Have there been any mentors or colleagues who have significantly influenced your practice, and in what way?

“Mr Michael Mullan, a former SWAH Consultant Surgeon, whom I have known since medical school has taken the time to train and mentor me.  As a medical student I spent many weekends at his side in the SWAH, learning both on the wards and assisting him in theatre.  He has opened doors that have allowed me to spend time with surgical teams in the Mater Misericordiae University Hospital in Dublin specialising in robotic surgery as well encouraging me to pursue international research and achieve positions on national committees.  I continue to assist him in the state-of-the-art theatres in the SWAH where he continues to perform elective general surgery.  For these opportunities I am sincerely grateful and look forward to working with him in 2024 as part of his surgical team in Craigavon Area Hospital as an FY2 doctor.”

What are your aspirations for the future, and how do you envision the evolution of your role within South-West Acute Hospital?

“As previously mentioned, I have a keen interest in surgery that was heavily influenced by the hours of theatre time I gained as a medical student in the SWAH.  I plan to apply for Core Surgical Training here in Northern Ireland, and if successful this will see me spending seven or eight years in a range of hospitals and surgical specialities across the province.  One of my career aspirations would be to come back to the SWAH during my training years and contribute to the elective surgical services.”

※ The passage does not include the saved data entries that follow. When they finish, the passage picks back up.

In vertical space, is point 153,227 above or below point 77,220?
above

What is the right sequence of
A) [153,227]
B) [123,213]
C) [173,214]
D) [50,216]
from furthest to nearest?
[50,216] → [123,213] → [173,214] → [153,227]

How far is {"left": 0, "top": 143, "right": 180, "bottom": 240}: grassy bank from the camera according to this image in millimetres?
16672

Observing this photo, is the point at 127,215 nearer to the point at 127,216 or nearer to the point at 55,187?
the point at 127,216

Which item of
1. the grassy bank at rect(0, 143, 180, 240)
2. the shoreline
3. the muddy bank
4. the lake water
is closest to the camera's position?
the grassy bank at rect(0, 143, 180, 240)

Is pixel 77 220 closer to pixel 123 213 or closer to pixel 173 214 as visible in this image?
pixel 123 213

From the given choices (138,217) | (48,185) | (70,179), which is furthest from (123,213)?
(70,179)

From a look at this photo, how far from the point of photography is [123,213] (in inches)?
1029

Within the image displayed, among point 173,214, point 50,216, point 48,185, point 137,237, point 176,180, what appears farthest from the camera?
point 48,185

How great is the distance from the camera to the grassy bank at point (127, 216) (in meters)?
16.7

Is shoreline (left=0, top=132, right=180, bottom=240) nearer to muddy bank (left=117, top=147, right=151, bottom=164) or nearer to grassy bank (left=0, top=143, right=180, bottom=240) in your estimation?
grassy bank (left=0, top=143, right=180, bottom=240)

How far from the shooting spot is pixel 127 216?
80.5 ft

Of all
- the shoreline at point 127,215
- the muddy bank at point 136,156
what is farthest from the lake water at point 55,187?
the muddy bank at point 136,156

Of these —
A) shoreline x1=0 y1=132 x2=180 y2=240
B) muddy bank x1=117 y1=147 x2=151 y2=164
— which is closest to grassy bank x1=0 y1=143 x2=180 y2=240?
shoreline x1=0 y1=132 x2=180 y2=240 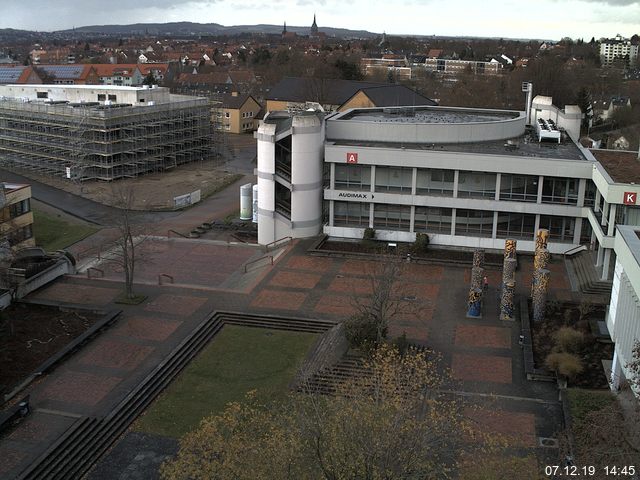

How do you believe your efforts contribute to the overall excellence and advancement of healthcare services in our local community?

“The turnover of patients through the doors of our hospital each day is quite often unprecedented, to the extent that our services and provisions are stretched beyond capacity.  On the most challenging of days the importance of multidisciplinary team input from doctors, nurses, pharmacists, and many other individuals who work behind the scenes to ensure swift discharges contributes to the excellence of our local healthcare service.  Having lived and been educated in this local area since birth, it has been a genuine pleasure and above all a privilege to serve this rural hospital.”